PeeBee wrote: ↑Wed Jan 29, 2020 11:24 am
… There's so little in your water you can pretty well ignore "alkalinity", …
I've got away with making a statement like that, so far. So to flesh it out a bit and its a good excuse to post a colourful map (ooo; I do like them):
It's okay for me and you ("Brown Beer") to ignore alkalinity, but that might be taken as an inflammatory statement (I have a gift for annoying people too). "Alkalinity" (and "residual alkalinity") is a valuable tool for calculating what needs to be added to water before making additional "tweaks" to get the mash in the right pH range. But for our water we're already skipping straight to the "tweak" stage. "Alkalinity" has two objectives: Firstly to help predict and adjust the outcome of a mash for those that need it, and secondly, to pulp the brains of those that don't need it.
And to see who does and doesn't need it (time to get a colourful map out):
From the map you can judge that we really are in the minority (of UK population). It doesn't make the difference between "temporary hardness" (or "carbonate hardness" - primarily responsible for "alkalinity") and "permanent hardness" (calcium and magnesium salts), but it generally follows in the UK that the areas are the same (a figure I saw was 60% of UK users have CaCO3 levels greater than 200ppm). And the fine tweaks can be left up to the numerous calculators.
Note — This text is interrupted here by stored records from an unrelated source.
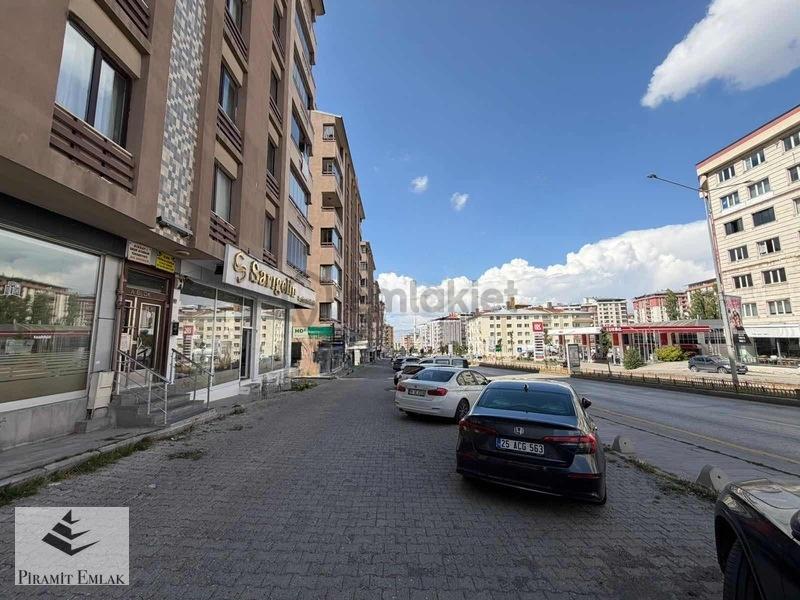 Piramit Gm'den Merkezi Konumda Satılık Dükkan - 7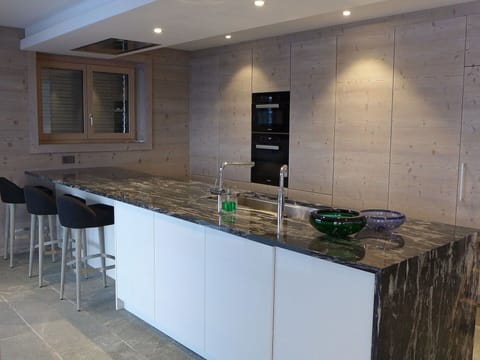 Countertop, Room, Property, Tile, Cabinetry, Kitchen, Furniture, Interior Design, Floor, Building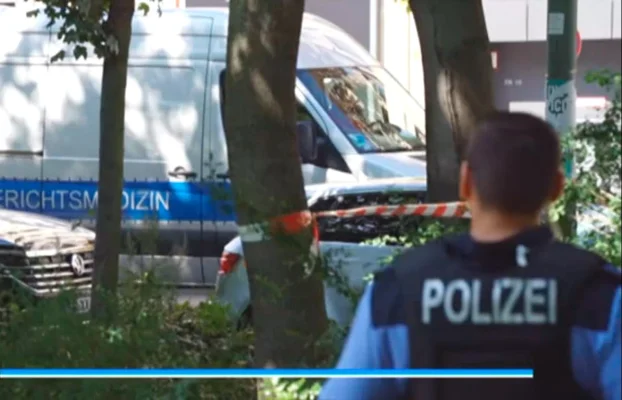 O femeie care a atacat cu cuţitul doi trecători în Munchen a fost împuşcată de poliţie / Vineri, un bărbat în vârstă de 48 de ani a intrat cu maşina în cinci oameni în Passau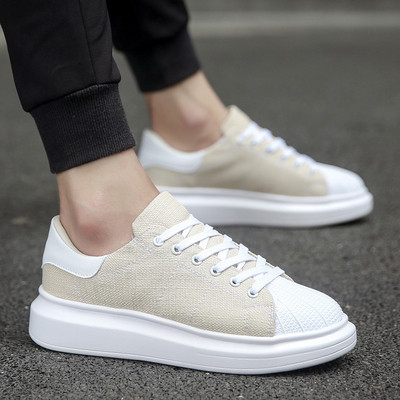 Ανδρικά πάνινααθλητικά παπούτσια με λουράκια σε λευκό, κόκκινο, μαύρο και μπλε χρώμα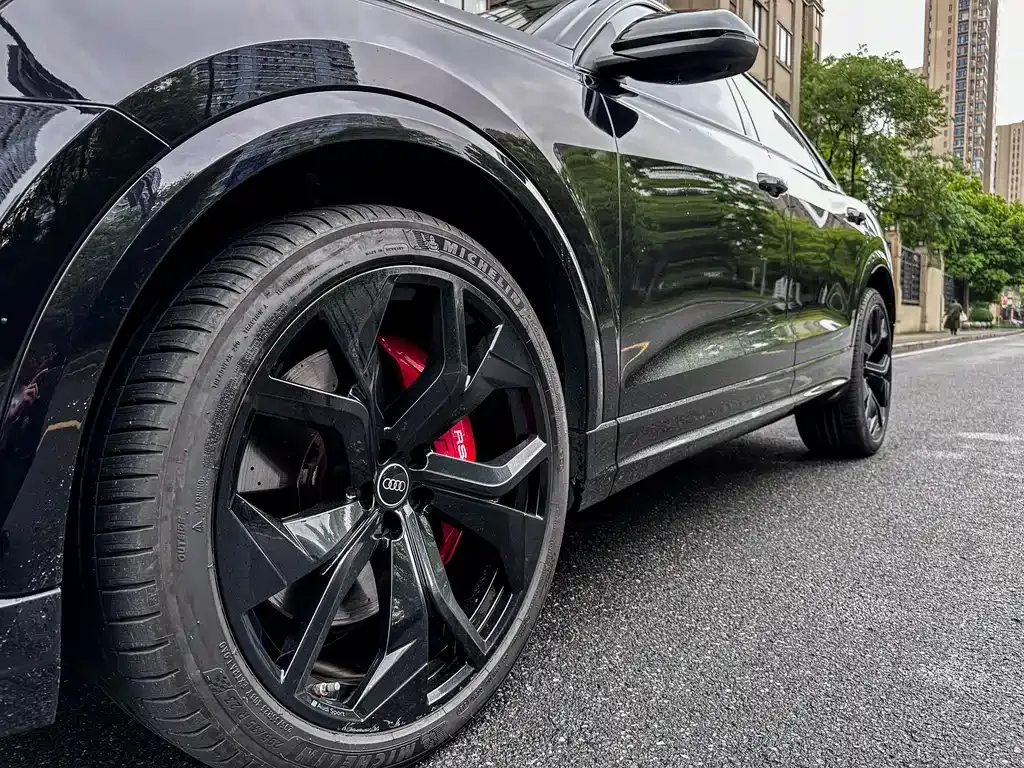 Audi RS Q8 2021 из CN, фото 2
The calculators are not all the same when it comes to pH predicting, I used to use Bru'n Water but its predictions no longer work for me, so I'm trying "Mash Made Easy" which has the added advantage of being able to "tweak" how it predicts pH outcome (which promptly has it leave the "Easy" arena).
<EDIT: Something I whinge about, and here I am doing it myself! "60% of UK users have
<hardness as> CaCO3 levels greater than 200ppm".
As daft
as I am, or should that be "a daft ass I am".>.